## Supplied data
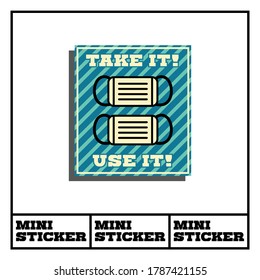 Covid-19 theme mini sticker. Use mask instruction. Vector stock file. Eps 10 format file. 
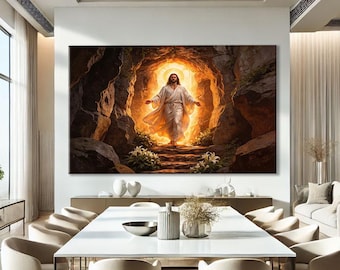Christian Artwork For Walls, Catholic Gifts for Men, Resurrection Art Print, Biblical Wall Art Print, First Communion Gifts For Boys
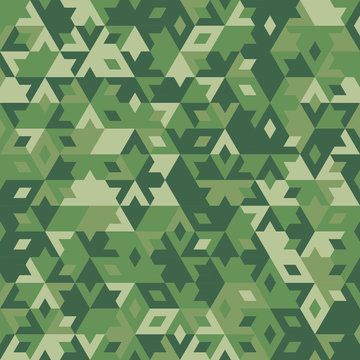 Abstract vector geometric forest seamless background
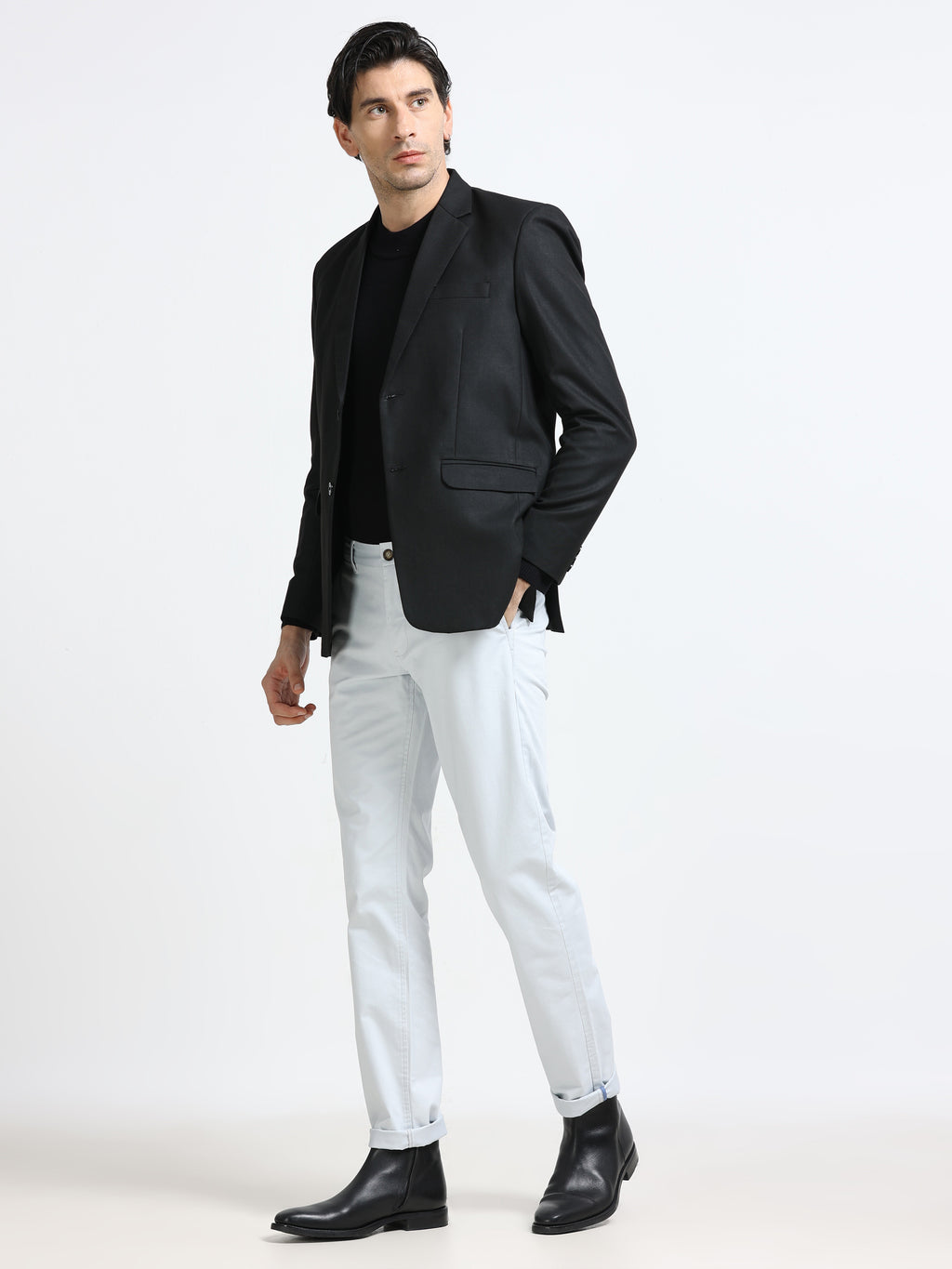 PEARL GREY CONVERSE COTTON LYCRA STRECTH TROUSERS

## Exercise aim
Each line above is to be duplicated exactly, and the pictures are to be omitted.

## Solution to this problem
 Covid-19 theme mini sticker. Use mask instruction. Vector stock file. Eps 10 format file. 
Christian Artwork For Walls, Catholic Gifts for Men, Resurrection Art Print, Biblical Wall Art Print, First Communion Gifts For Boys
 Abstract vector geometric forest seamless background
 PEARL GREY CONVERSE COTTON LYCRA STRECTH TROUSERS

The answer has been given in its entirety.